They were living in the cabin when Abe's mother sickened and died. He was broken-hearted. She had taught him what little he knew. Her last words to him were: "Try to live as I have taught you and to love your Heavenly Father."
Lincoln's tribute to his mother
Many years after, when he became famous, he said: "All that I am or hope to be, I owe to my angel mother." She was put in a coffin roughly cut out of logs by the same tools that had made their furniture, and laid to rest in a corner of the clearing. Long years afterward a good man put a stone over the grave, with this inscription: "Nancy Hanks Lincoln, the mother of President Lincoln, died October 5, A.D. 1818, aged 35 years."
Lincoln gets a new mother
After a year his father went back to Kentucky to look about for a wife. He found a widow, named Sarah Bush Johnston, and married her. He had known her before he met Nancy Hanks. She was thrifty and industrious, and her bedding and other household goods filled a four-horse wagon.

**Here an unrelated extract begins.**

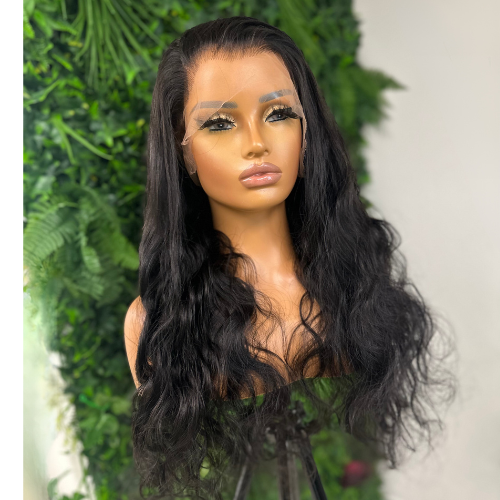 22 inches Natural Black HD  Full  Lace  Human Hair Wig  -EVA - estellewigsandmore.co.uk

Before winter came she made her husband put a good floor, and a door, and windows in the cabin. She took charge of Abe and his sister, and made them "look a little more human." She put good clothes on the children and put them to sleep in comfortable beds.
Abe's education
159. Lincoln Educates Himself. Schools were scarce in that new country, and Abe never had more than a year at school. His stepmother encouraged him in every way to study at home.